Así que el Espíritu es Consolador por el pacto evangélico de Dios; nunca podría haber dicho palabra alguna sin esta promesa del evangelio. Por tanto, cuando el Padre lo envía para consolar, viene en el nombre de Cristo, que se ha puesto en la brecha entre Él y los pecadores; esto es, por su causa y a petición suya.
¿Qué dice el Espíritu Santo cuando consuela? La alegre noticia que trae es la revelación evangélica: “No hablará por su propia cuenta, sino que hablará todo lo que oyere” (Jn. 16:13). Es decir, que su enseñanza no traerá nueva luz, distinta de la que brilla en el evangelio, sino que enseñará la misma verdad que Cristo predicaba.
Cuando el Espíritu Santo consuela, los ingredientes de sus refrigerios que reaniman el alma se han recogido en el huerto del evangelio: “Él me glorificará; porque tomará de lo mío, y os lo hará saber” (v. 14).
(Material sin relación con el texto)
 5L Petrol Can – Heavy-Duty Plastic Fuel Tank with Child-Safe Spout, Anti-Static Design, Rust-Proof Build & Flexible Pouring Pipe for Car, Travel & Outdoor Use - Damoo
Esto es: la muerte de Cristo, su dignidad, resurrección, ascensión e intercesión, así como las promesas compradas y selladas con su sangre.
b.- El Espíritu Santo tiene poder para consolar
El evangelio posee poder suficiente para satisfacer a la conciencia más perturbada del mundo: la plena satisfacción que la preciosa sangre de Cristo ha hecho por los pecadores. Pero si uno tuviera que comprender y aprovechar este plan por su cuenta, habría de seguir con el dolor de una conciencia con quemaduras por falta de una gota de bálsamo para sanarla. Igual que el amor y la sabiduría de Dios proveyeron un Salvador para comprar nuestra eterna redención, también enviaron a un Consolador para aplicarnos la redención comprada. A esta obra divina se la llama acertadamente “un fortísimo consuelo” (Heb. 6:18).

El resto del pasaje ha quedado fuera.